Enfin, on terminera par un mot sur la réalisation en dents de scie du jeu qui souffre sur PC de son statut de titre multisupport et multi-génération. Déjà pas extraordinaire sur consoles nouvelle génération, Thief ne brille pas vraiment sur PC même en le poussant dans les options graphiques. Si la direction artistique s'en sort assez bien, sur le plan technique, il en va autrement. Textures grossière, framerate irrégulier (certaines cinématiques virent au diaporama), mixage sonore à revoir avec des voix parfois à peine audibles, parfois bien trop fortes (un garde qui ronfle à l'étage semble dormir à 1 mètre du joueur), modélisation d'un autre âge, on a même droit à de grandes manifestations d'une foule composée de... 2 clampins perdus dans la rue. Cette version PC s'accompagne de surcroît de problèmes en tout genres, même après l'application d'un premier patch, nombreux sont ceux qui peinent à la lancer ou qui voient le jeu planter à certains points clefs. On ne sait pas si Square et Eidos comptaient relancer une nouvelle série Thief, mais si c'est le cas, elle prend un bien mauvais départ.
Points forts
- Diversité des lieux.
- Quelques passages assez sympas malgré tout.

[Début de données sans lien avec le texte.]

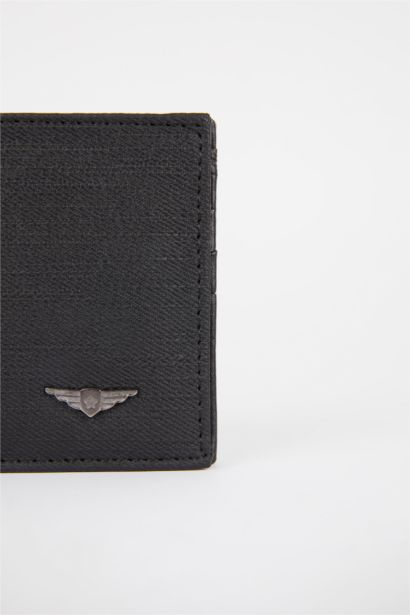 Faux Leather Wallet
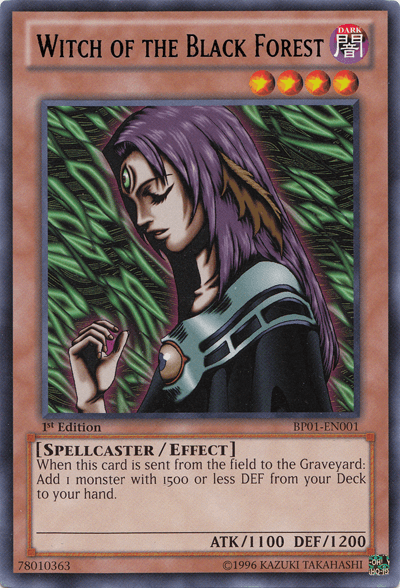 Witch of the Black Forest [BP01-EN001] Rare - Doe's Cards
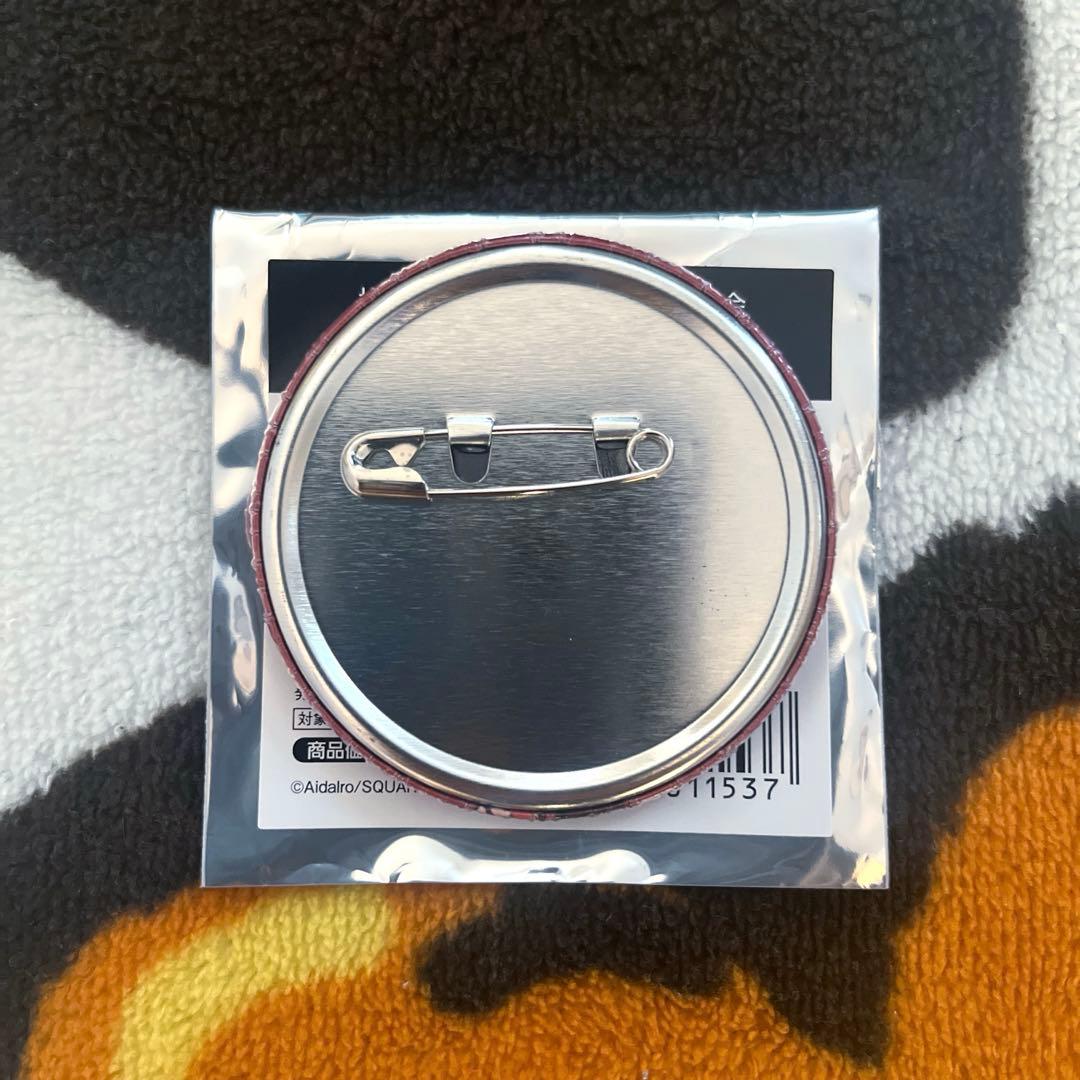 花子くん　お茶会缶バッジ②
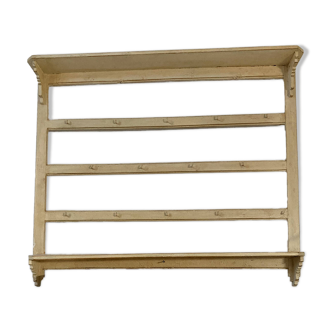 Etagère murale avec sa table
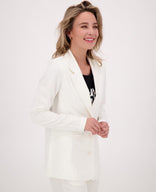 Je m'appelle Jassen Blazer Élégant | Ecru
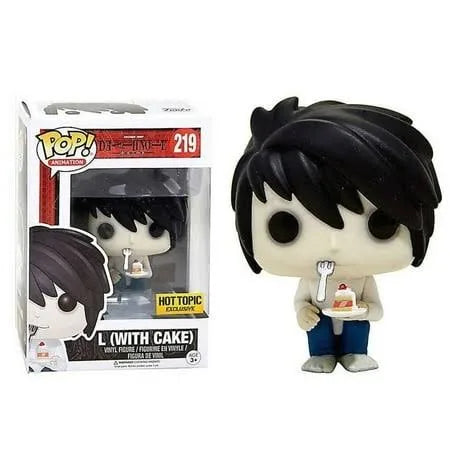 l with cake funko pop 219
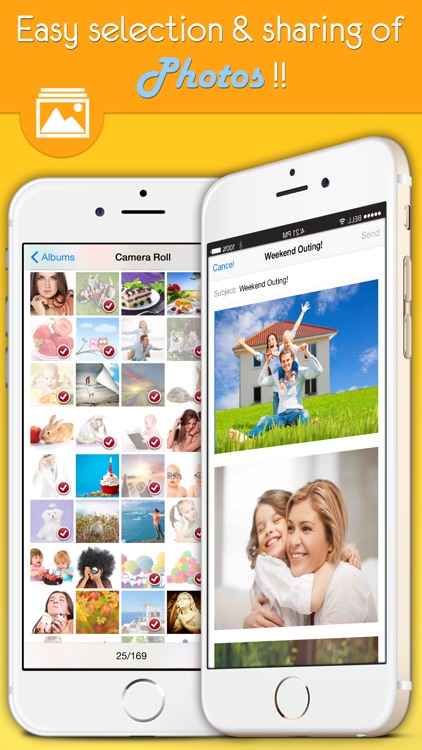 Email Multiple Photos, Videos attach Pro for Gmail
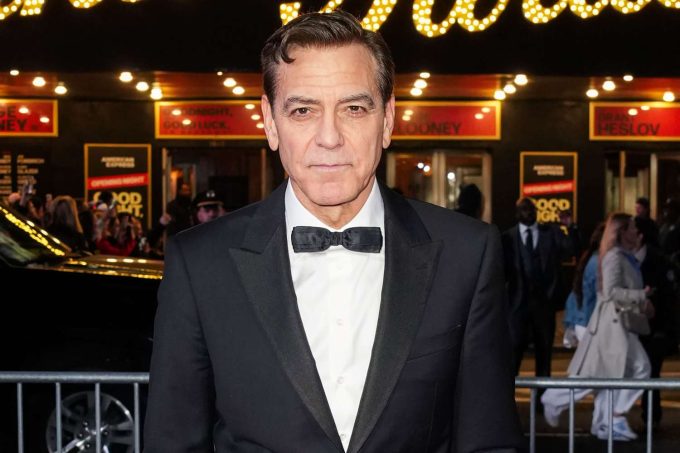 George Clooney claps back at criticism that he only plays himself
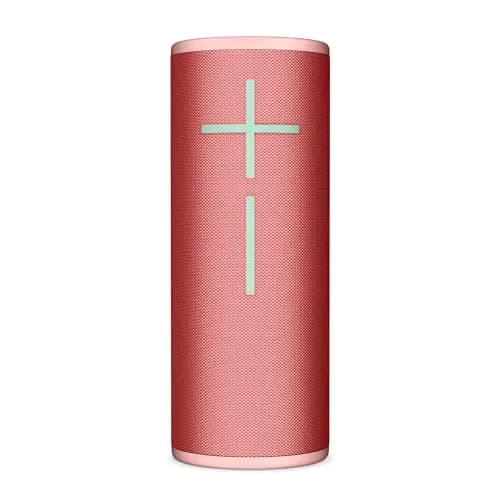 Ultimate Ears Megaboom 4 Altavoz Bluetooth portátil Impermeable con Potente Sonido de 360 Grados y Graves atronadores, Altavoz Flotante con 20 Horas de batería y Radio de 45 m - Rosa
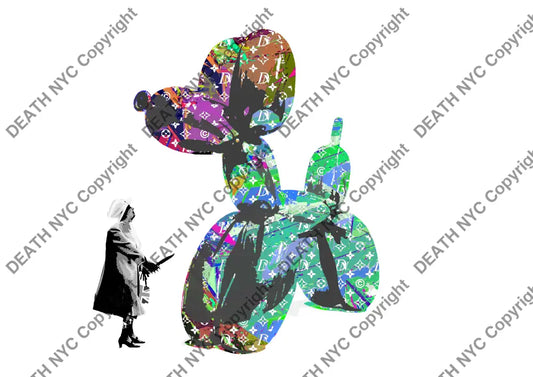 ’Deathmp109’’ 45X32Cm (Hc Edition) (2021) Art Print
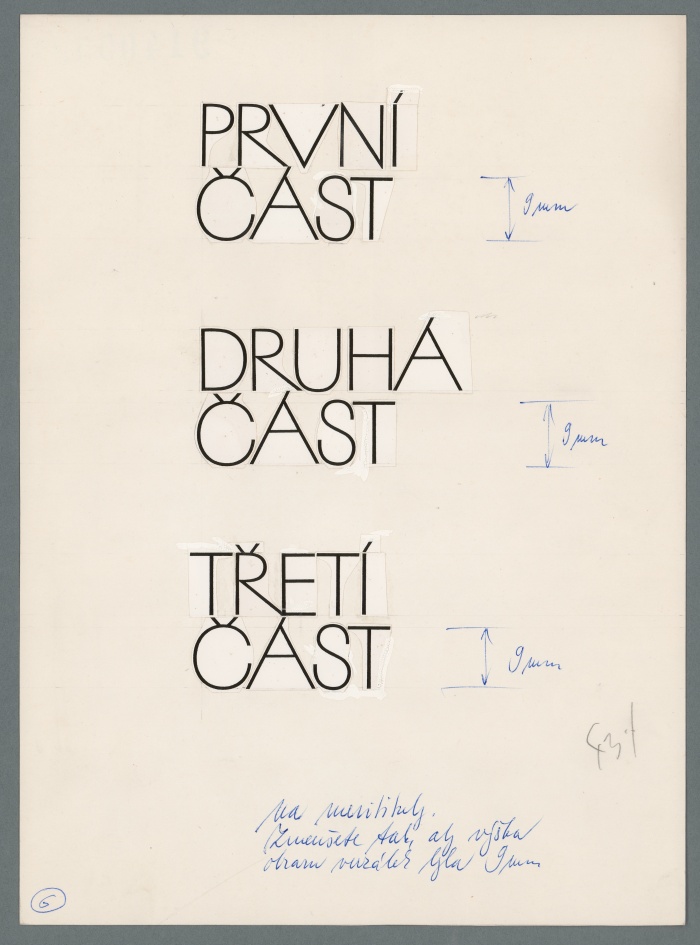 Náhledový obrázek Předloha pro typografii - Země dokořán - 1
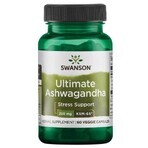 Swanson Ultimate Ashwagandha KSM-66, 60 cápsulas vegetales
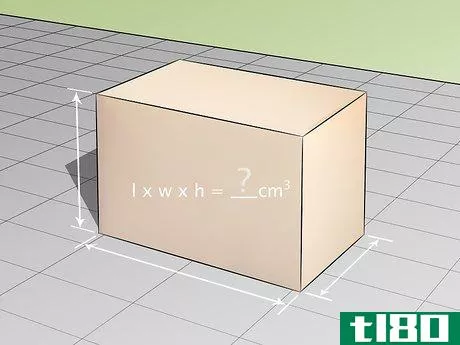 Image titled Calculate Volume of a Box Step 1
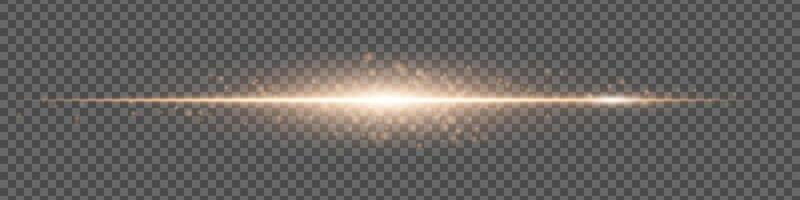 Light rays glowing on a black background vector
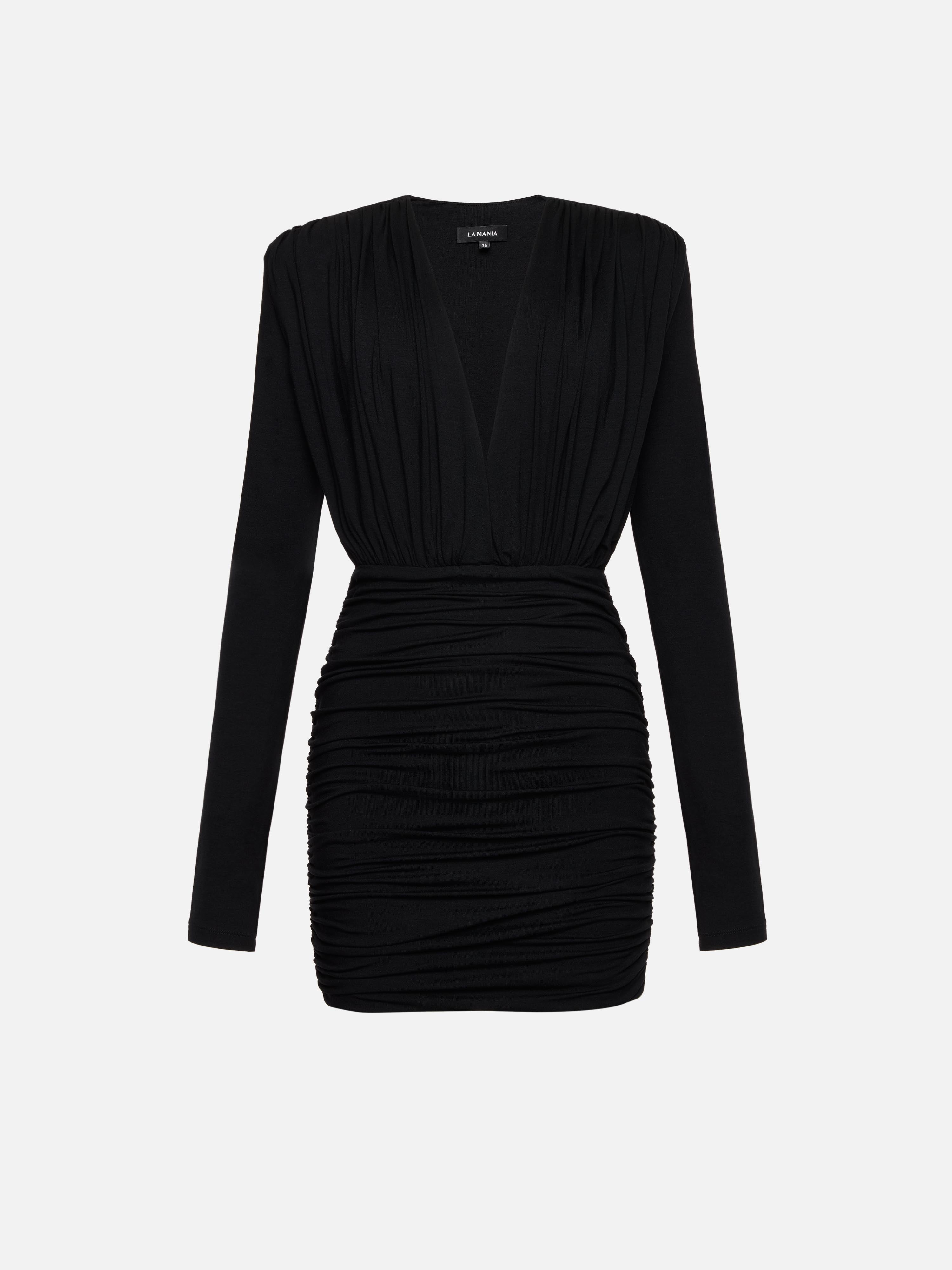 JESSE BLACK MINI DRESS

- L'obligation réelle de fuir la confrontation.
Points faibles
- Level design ultra dirigiste et pas adapté.
- Architecture des niveaux très artificielle.
- Les mouvements limités de Garrett.
- L'IA capricieuse.
- La réalisation à bout de souffle.
- La bande-son fofolle.
- L'enfer du hub et ses loadings incessants.
- Le scénario aux fraises.
- Problèmes de stabilité sur PC
Il est facile de conclure en osant balancer que Thief n'est plus que l'ombre de lui-même. D'une telle licence, on attendait beaucoup, à commencer par un environnement ouvert offrant moult chemins possibles aux voleurs avisés. Las, ce reboot du roi de l’infiltration se paie un level design d'un dirigisme absolu, bardé de murs invisibles, et une architecture de la ville et de certaines missions qui leur font perdre toute vraisemblance. Le tout associé à une réalisation passable manquant de finition et à un hub central qui donne des cauchemars. On garde toutefois en tête quelques séquences plutôt sympas, qui permettent au jeu de taper la note moyenne, de justesse.